Jhon recorrió rápidamente en bicicleta el breve trayecto que
separaba su casa del instituto. Solo que aquella tarde no había pasado mucho
tiempo en él... Jhon tenia 16 años, y solía saltarse una media de 5 clases por
semana. Nadie se había dado cuenta todavía, en su casa; cuando la dirección del
centro mandaba alguna nota a sus padres, él la interceptaba siempre a tiempo de
hacerla desaparecer. Hasta ahora funcionaba. Y en el tiempo que ganaba
ahorrándose clases, se dedicaba a recorrer las calles con sus amigos, fumando y
insultando a los transeúntes. A veces, si encontraban el proyectil adecuado,
incluso rompían alguna ventana. Las notas eran cada vez mas bajas, pero a quien
le preocupaba?
Jhon!
Jhon miró a su espalda, y vio al director.
Jhon, has vuelto a hacer campana!
Y que va a hacerme? Va a darme unos azotes en el culo??
Ha ha ha ha ha váyase a la mierda, viejo idiota!
Y prosiguió con el pedaleo, hasta llegar a su casa.
Al entrar en su cuarto, tiró de cualquier forma la chaqueta,
y puso la música al máximo. Quien le tocaba aquella semana? Repasó la agenda;
Noelia. Si, saldrían el día siguiente. Con ella ya llevaba 16 en dos meses; casi
había atrapado su amigo Neal. Bien. Echó una breve mirada al espejo; presentaba
el buen aspecto acostumbrado, con su pelo largo y rubio, sus ojos tan azules, su
rostro prácticamente imberbe. El piercing en la ceja izquierda. El de la oreja
derecha. Llamaron al teléfono; era Neal. Hablaron durante media hora mas o
menos... la factura, al fin y al cabo, no la pagaban ellos. Poco después, se
estiró en la cama, bajándose los téjanos hasta las rodillas, y se sacó la polla
del slip, acariciándose lentamente arriba y abajo... un buen tamaño, tal vez
unos 18 cm. Las revistas de debajo la cama le ayudaron a levantarla... jadeó un
poco mientras se pajeaba, para que no le oyeran des del piso de abajo. Claro que
con la música era casi imposible... Se imaginaba a Noelia, con su boquita
entreabierta alrededor de su polla erecta, masajeándole los huevos lentamente...
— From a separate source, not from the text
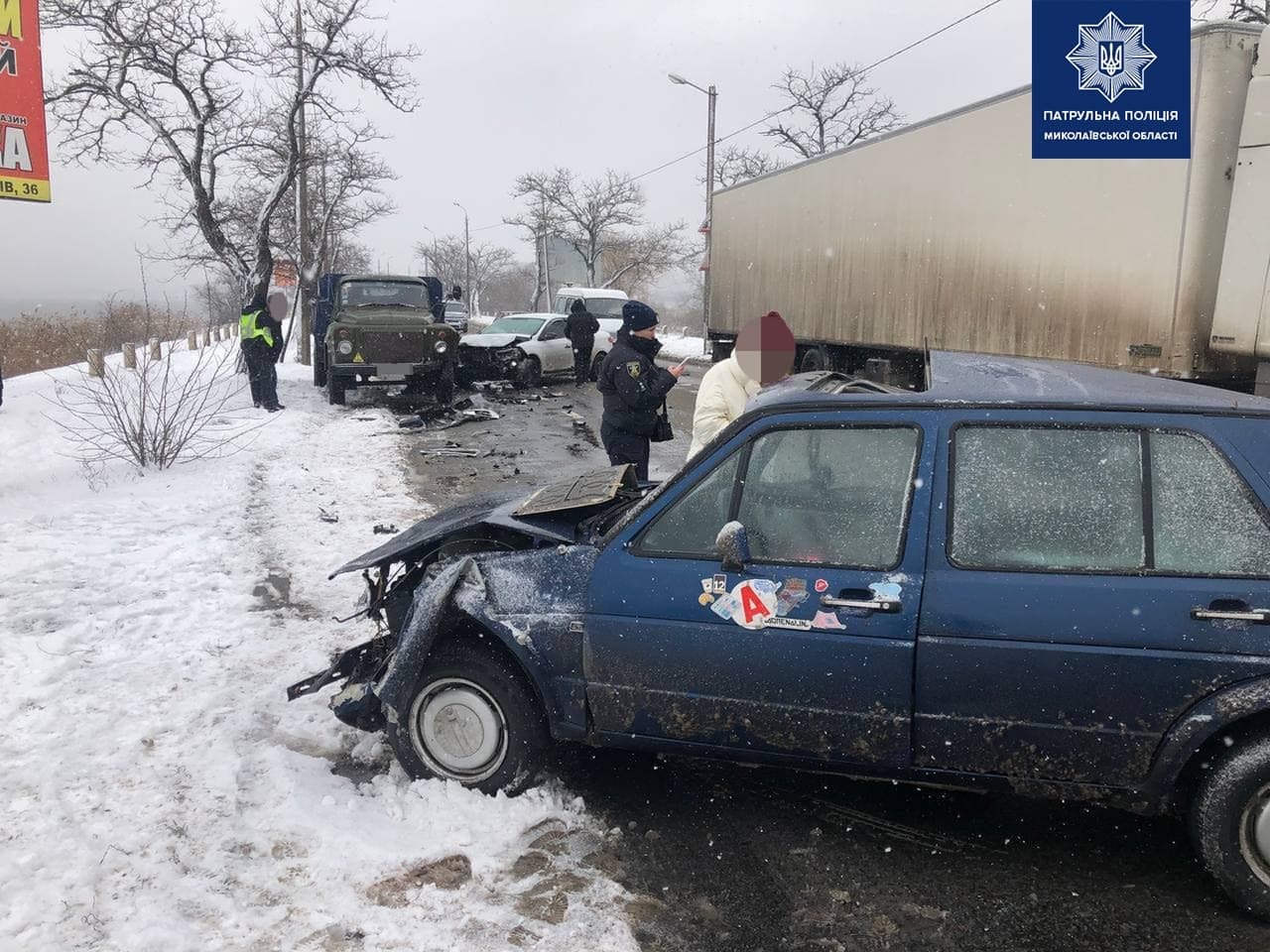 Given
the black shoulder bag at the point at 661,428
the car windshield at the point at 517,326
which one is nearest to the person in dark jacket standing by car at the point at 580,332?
the car windshield at the point at 517,326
una previsión de lo que pensaba hacer mañana con ella cuando quedaran. Quizás
intentara darle por el culo, no lo había probado nunca. Le gustaba la sensación
de dominarlas, de someterlas. Y esta posición era perfecta para ello.
Le llamaron a cenar a la misma hora de siempre, y mientras su
hermana contaba las experiencias del día, él miraba aburrido la TV donde no
daban nada interesante, para variar, por lo que para una vez se fue a la cama
relativamente temprano. Siempre dormía solo en slip, le gustaba el contacto de
las sabanas con su cuerpo casi desnudo. Lentamente, fue cayendo en la
inconsciencia mientras el sueño se apoderaba de él.
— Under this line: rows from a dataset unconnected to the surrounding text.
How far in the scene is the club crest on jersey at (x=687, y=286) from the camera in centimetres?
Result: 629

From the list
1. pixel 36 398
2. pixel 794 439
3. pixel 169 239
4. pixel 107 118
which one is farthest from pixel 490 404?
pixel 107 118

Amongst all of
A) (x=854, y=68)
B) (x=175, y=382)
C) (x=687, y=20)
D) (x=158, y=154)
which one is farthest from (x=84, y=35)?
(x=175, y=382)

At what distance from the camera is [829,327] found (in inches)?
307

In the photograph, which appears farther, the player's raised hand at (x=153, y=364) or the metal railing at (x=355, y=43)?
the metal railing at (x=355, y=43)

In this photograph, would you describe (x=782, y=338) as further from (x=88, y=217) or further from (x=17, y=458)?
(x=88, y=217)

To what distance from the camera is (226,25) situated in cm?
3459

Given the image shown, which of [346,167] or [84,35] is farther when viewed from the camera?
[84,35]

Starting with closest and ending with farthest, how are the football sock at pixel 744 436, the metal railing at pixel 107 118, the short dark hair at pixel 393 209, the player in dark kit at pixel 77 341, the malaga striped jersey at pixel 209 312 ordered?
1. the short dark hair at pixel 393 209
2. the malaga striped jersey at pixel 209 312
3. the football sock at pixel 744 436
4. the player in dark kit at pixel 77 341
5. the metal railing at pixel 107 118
Y despertó bruscamente. Sorprendido constató que se
encontraba tendido sobre un frío suelo de losas; el ambiente era igualmente frío
y enseguida empezó a temblar. A su lado, su amigo; Neal. En su misma situación.
Neal era muy violento cuando quería, y solía presumir de su carácter fuerte, que
tantos chicos de cursos inferiores habían probado en propia piel. Ahora, sin
embargo, su cara mostraba una expresión de desconcierto absoluto.
Donde coño estamos??
Y yo que sé?! Como hemos llegado hasta aquí??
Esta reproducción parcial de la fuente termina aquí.